Department of Computer Science, Brown University, Providence, RI 02912, USA.
Bioinformatics. 2010 May 15;26(10):1291-8. doi: 10.1093/bioinformatics/btq153. Epub 2010 Apr 8.
Structural variation including deletions, duplications and rearrangements of DNA sequence are an important contributor to genome variation in many organisms. In human, many structural variants are found in complex and highly repetitive regions of the genome making their identification difficult. A new sequencing technology called strobe sequencing generates strobe reads containing multiple subreads from a single contiguous fragment of DNA. Strobe reads thus generalize the concept of paired reads, or mate pairs, that have been routinely used for structural variant detection. Strobe sequencing holds promise for unraveling complex variants that have been difficult to characterize with current sequencing technologies.
We introduce an algorithm for identification of structural variants using strobe sequencing data. We consider strobe reads from a test genome that have multiple possible alignments to a reference genome due to sequencing errors and/or repetitive sequences in the reference. We formulate the combinatorial optimization problem of finding the minimum number of structural variants in the test genome that are consistent with these alignments. We solve this problem using an integer linear program. Using simulated strobe sequencing data, we show that our algorithm has better sensitivity and specificity than paired read approaches for structural variation identification.
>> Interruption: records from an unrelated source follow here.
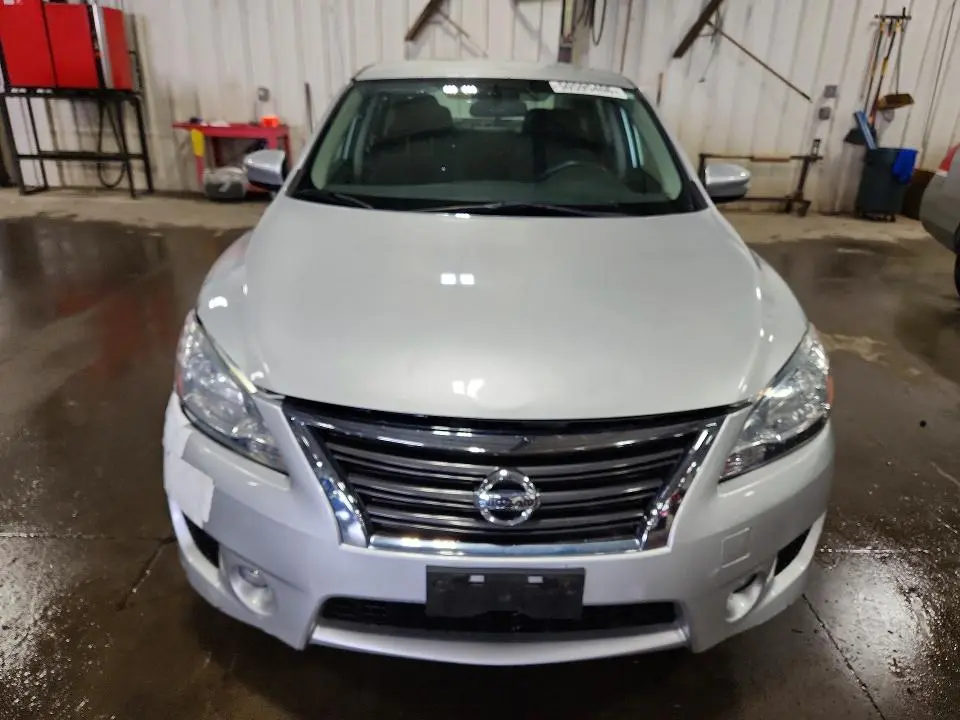 2015 NISSAN SENTRA SR  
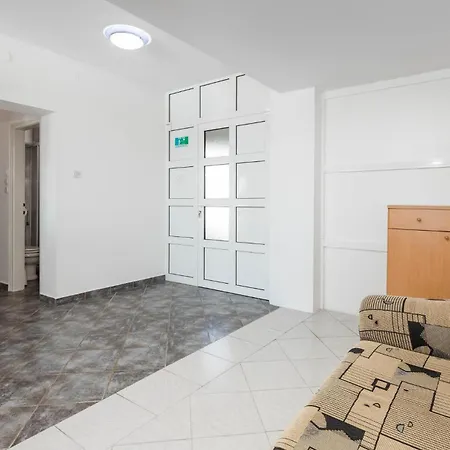 Gorgeous In With Kitchen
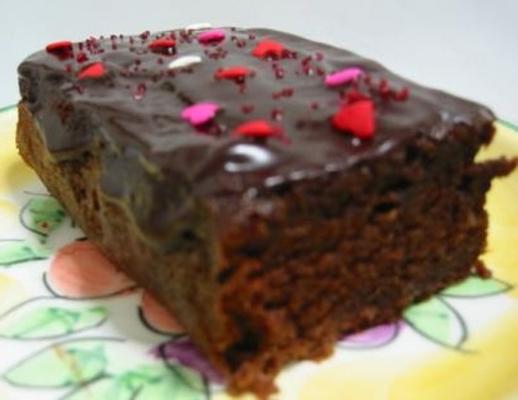 bitterzoete chocolade pond cake met decadente glazuur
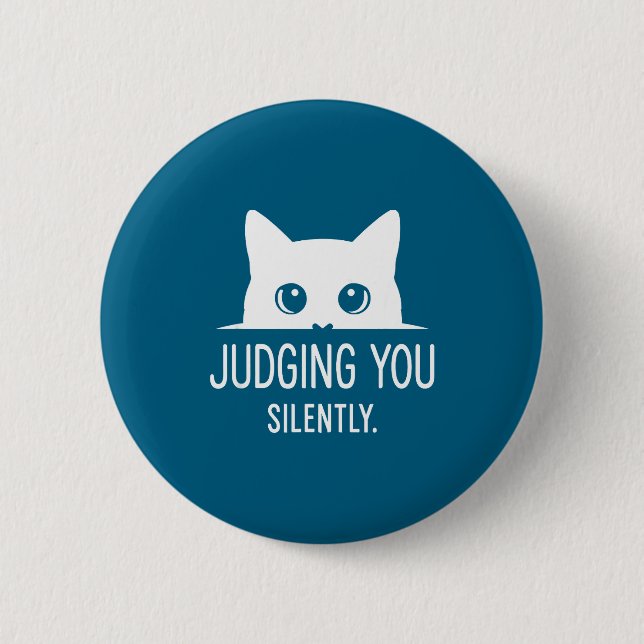 Judging You Silently - Funny Cat  Knapp (Framsida)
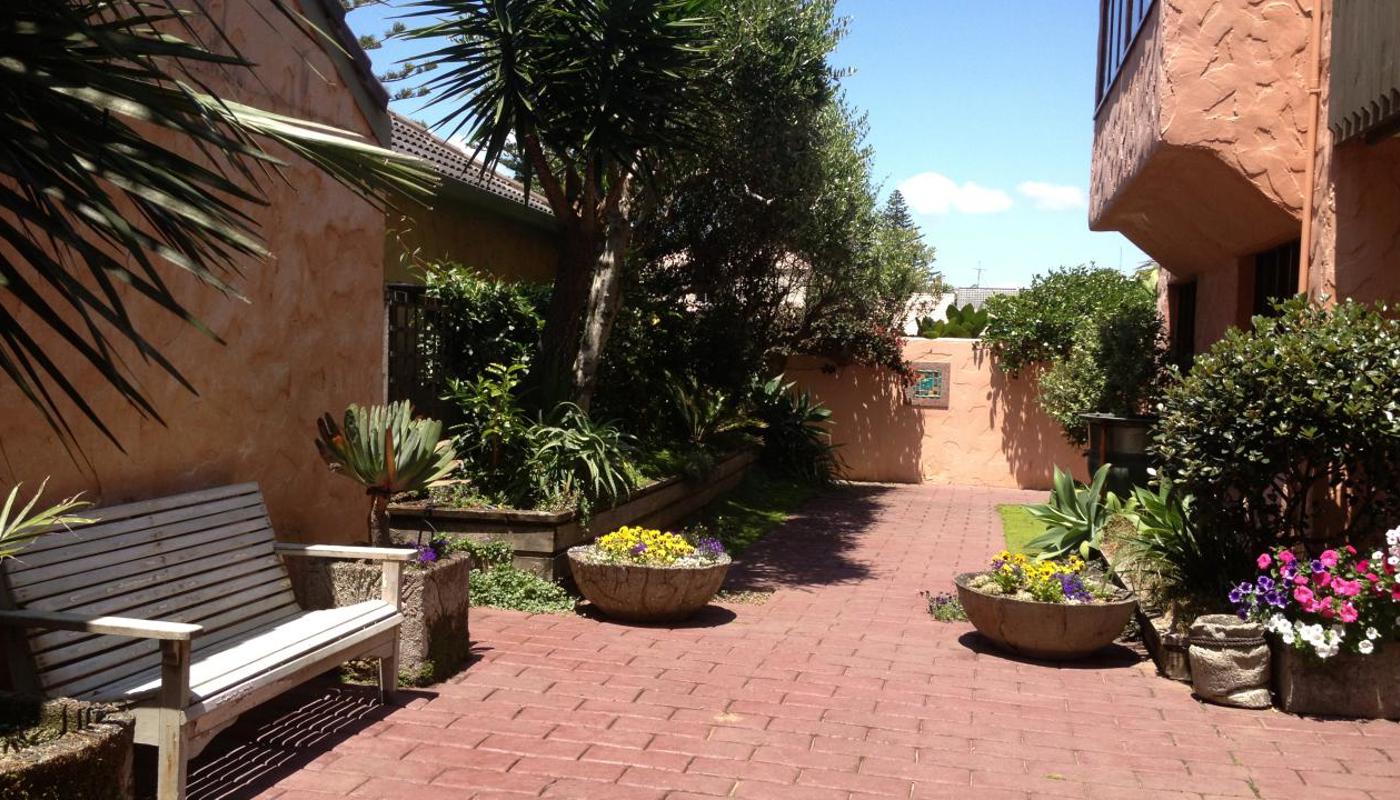 Own entryway through courtyard.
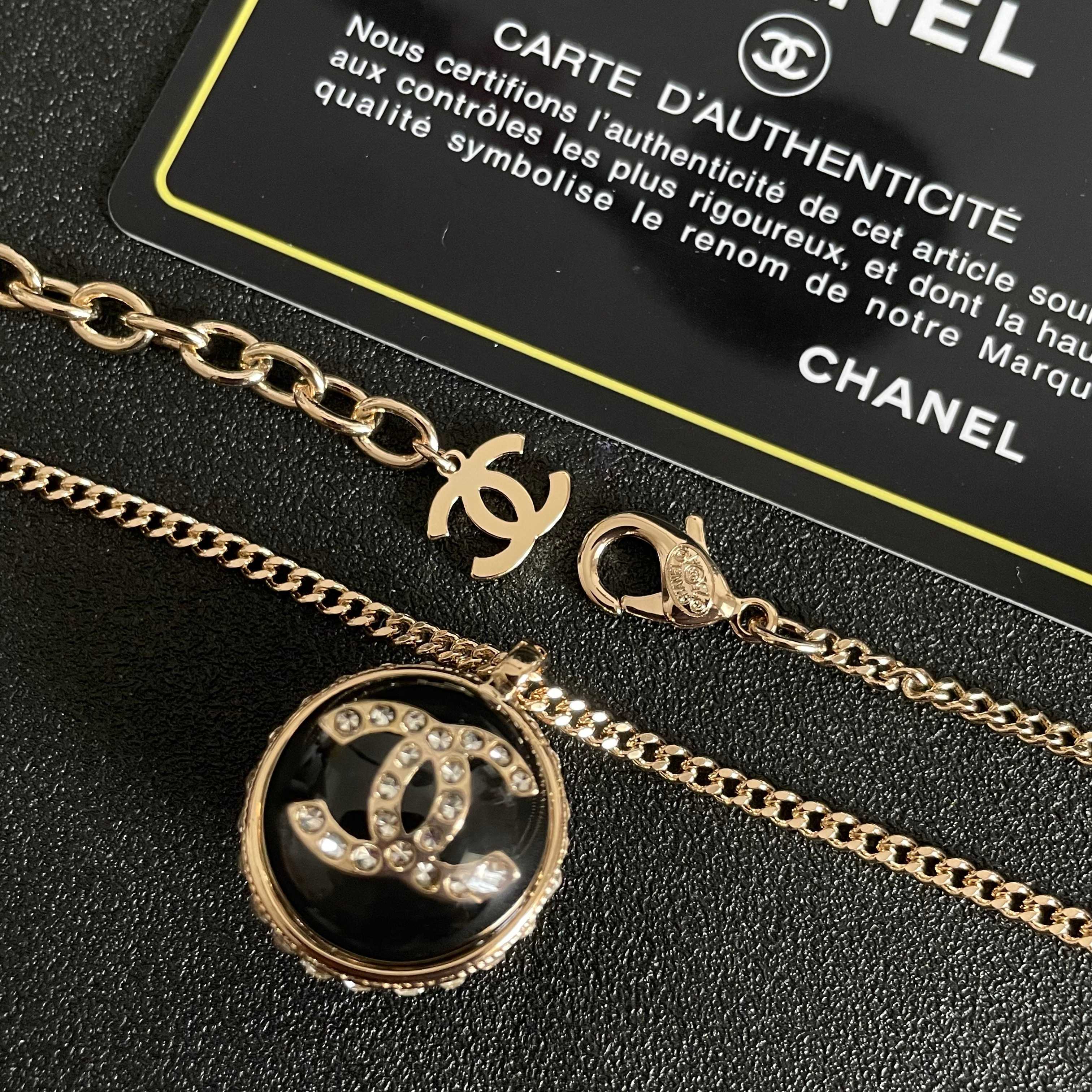 Chanel香奈儿 中古 字母项链👀小香家的款式真心无需多介绍😘🎶每一款都超好看，精致大方，非常显气质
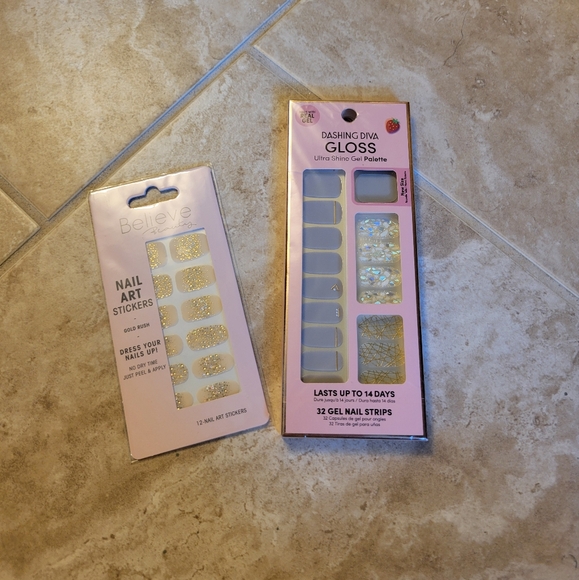 Nail Polish Kit - Picture 1 of 3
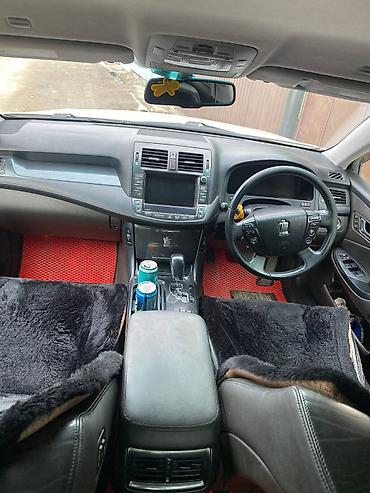 Toyota: Toyota Crown: 2010 г., Автомат, Бензин, Седан — 4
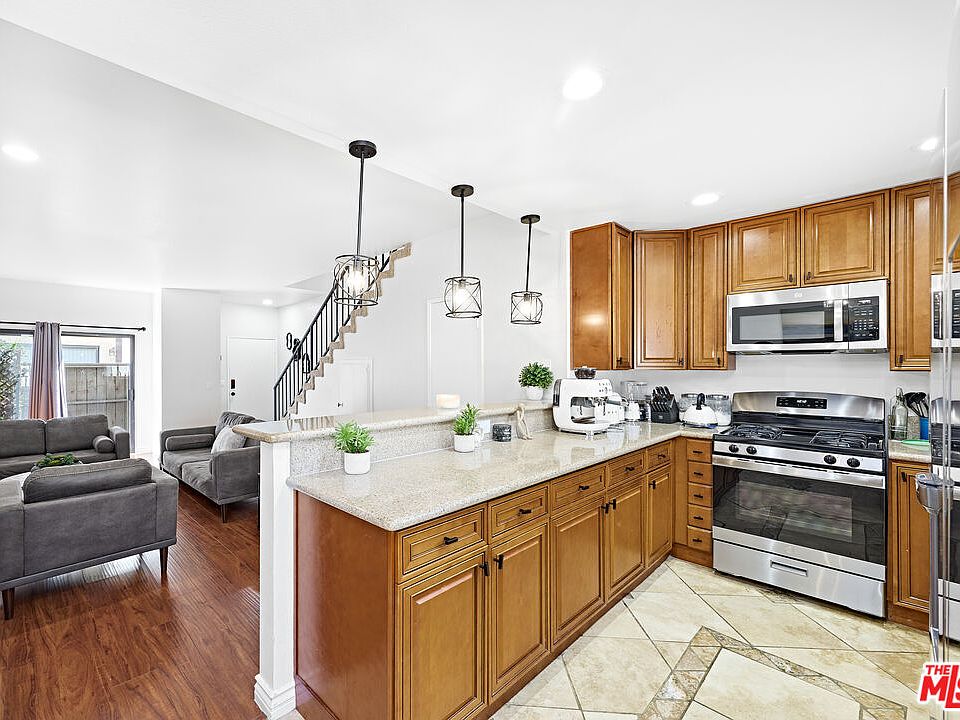 1st image of 822 Victor Ave APT 20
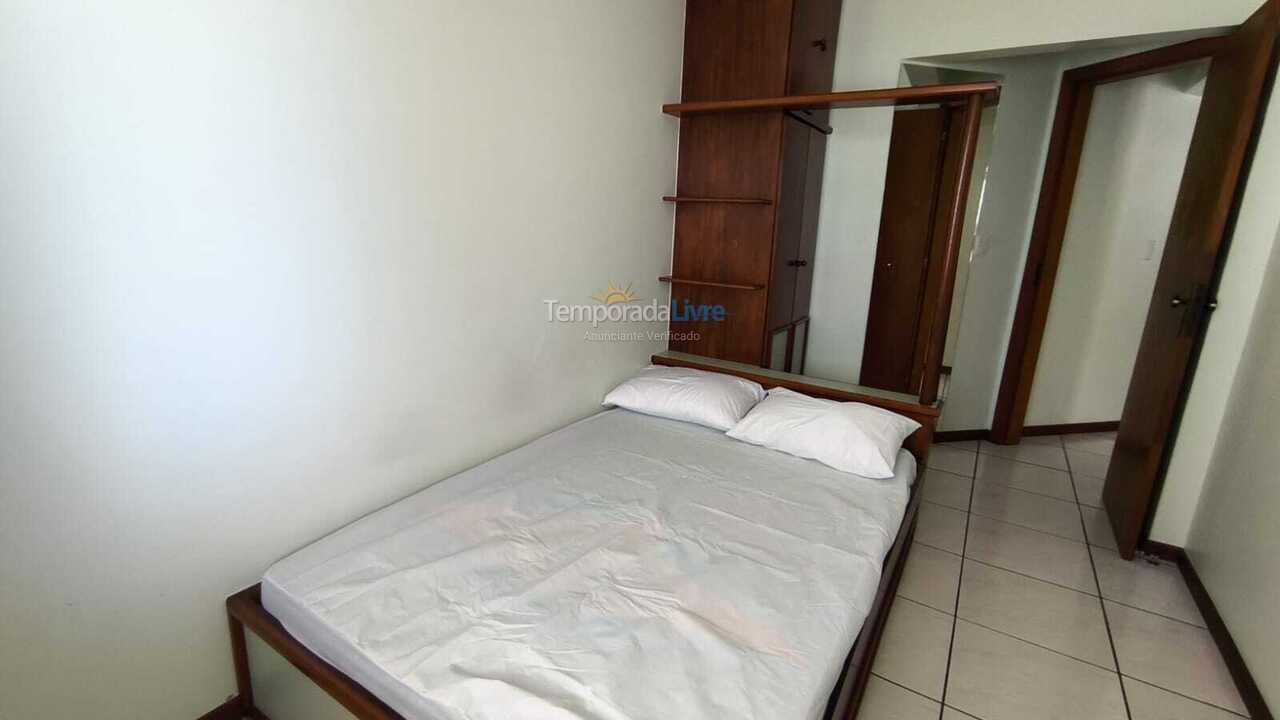 Apartamento para aluguel de temporada em Itapema (Meia Praia)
包括 DNA 序列缺失、重复和重排在内的结构变异是许多生物体基因组变异的一个重要贡献因素。在人类中,许多结构变体存在于基因组的复杂和高度重复区域,使得它们的识别变得困难。一种称为频闪测序的新型测序技术从单个连续 DNA 片段生成包含多个子读数的频闪读数。因此,频闪读数扩展了已常规用于结构变体检测的配对读数或配对的概念。频闪测序有望解决当前测序技术难以描述的复杂变体。
我们介绍了一种使用频闪测序数据识别结构变体的算法。我们考虑由于测序错误和/或参考基因组中的重复序列而在测试基因组中具有多个可能与参考基因组对齐的频闪读数。我们将找到与这些对齐一致的测试基因组中最小数量的结构变体的组合优化问题制定出来。我们使用整数线性规划来解决这个问题。使用模拟的频闪测序数据,我们表明,我们的算法在结构变异识别方面的灵敏度和特异性均优于配对读取方法。